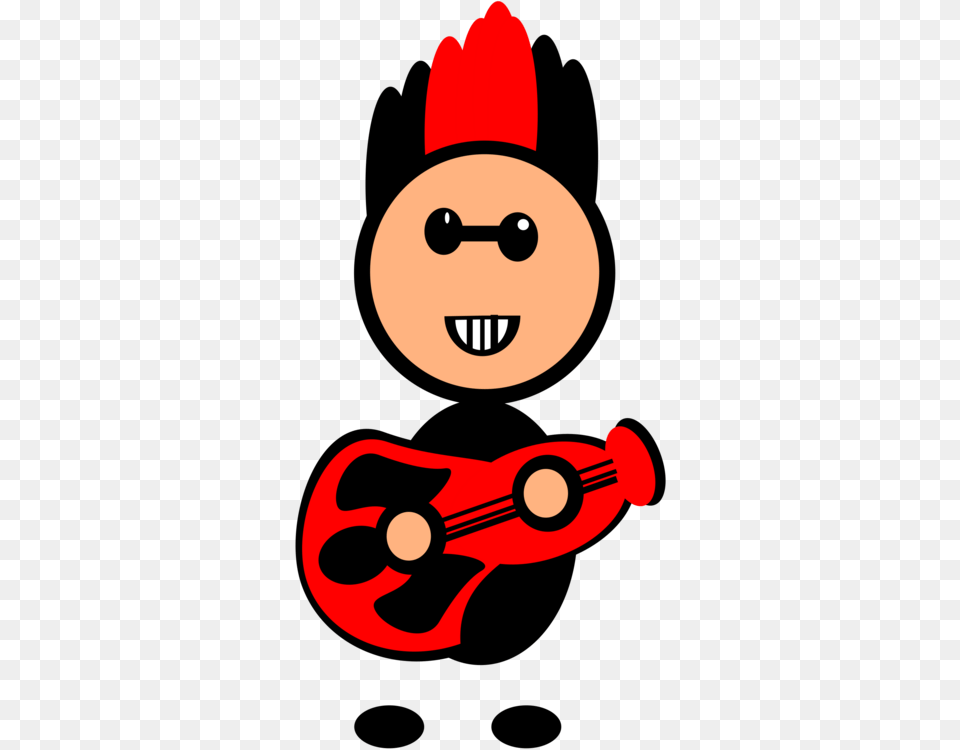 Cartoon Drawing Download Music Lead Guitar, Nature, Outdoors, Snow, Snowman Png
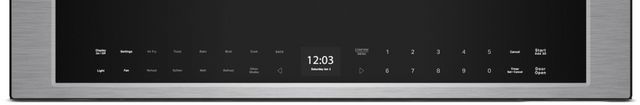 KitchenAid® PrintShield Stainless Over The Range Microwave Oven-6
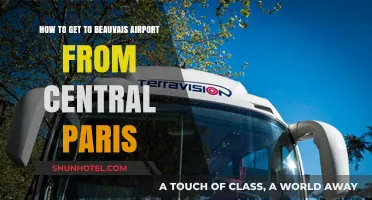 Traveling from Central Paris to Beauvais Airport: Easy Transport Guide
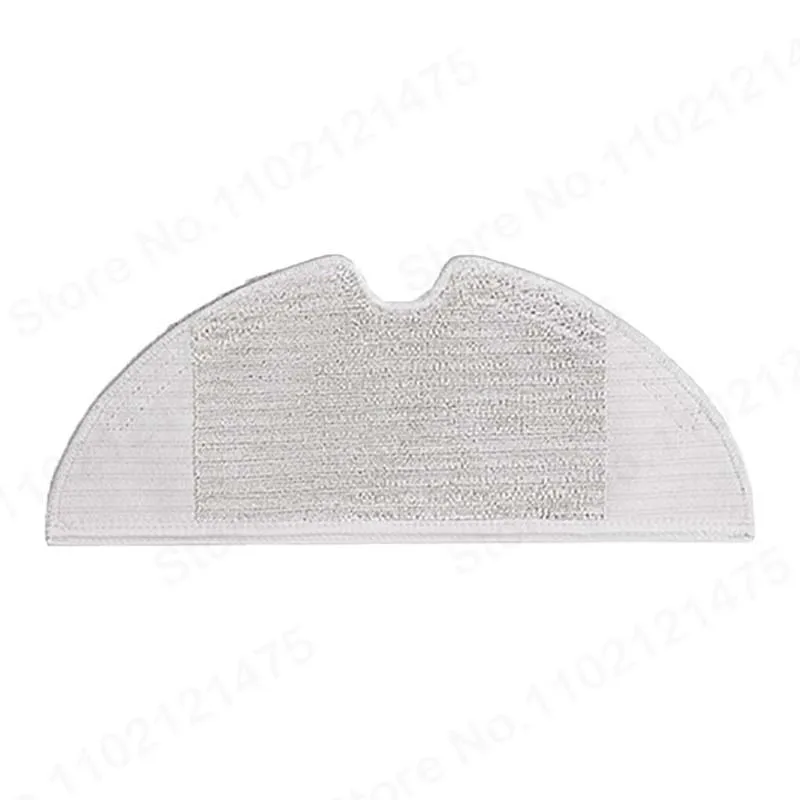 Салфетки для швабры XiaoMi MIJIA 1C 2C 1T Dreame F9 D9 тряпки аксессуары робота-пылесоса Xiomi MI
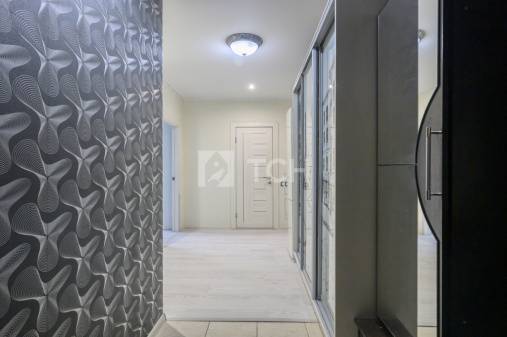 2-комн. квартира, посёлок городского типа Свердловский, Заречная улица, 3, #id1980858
^^^^^^^^
* _TASK BRIEF_:
Word for word, set down every record, keeping the images out.

* _RESULT OF THIS EXERCISE_:
 Cartoon Drawing Download Music Lead Guitar, Nature, Outdoors, Snow, Snowman Png
 KitchenAid® PrintShield Stainless Over The Range Microwave Oven-6
 Traveling from Central Paris to Beauvais Airport: Easy Transport Guide
 Салфетки для швабры XiaoMi MIJIA 1C 2C 1T Dreame F9 D9 тряпки аксессуары робота-пылесоса Xiomi MI
 2-комн. квартира, посёлок городского типа Свердловский, Заречная улица, 3, #id1980858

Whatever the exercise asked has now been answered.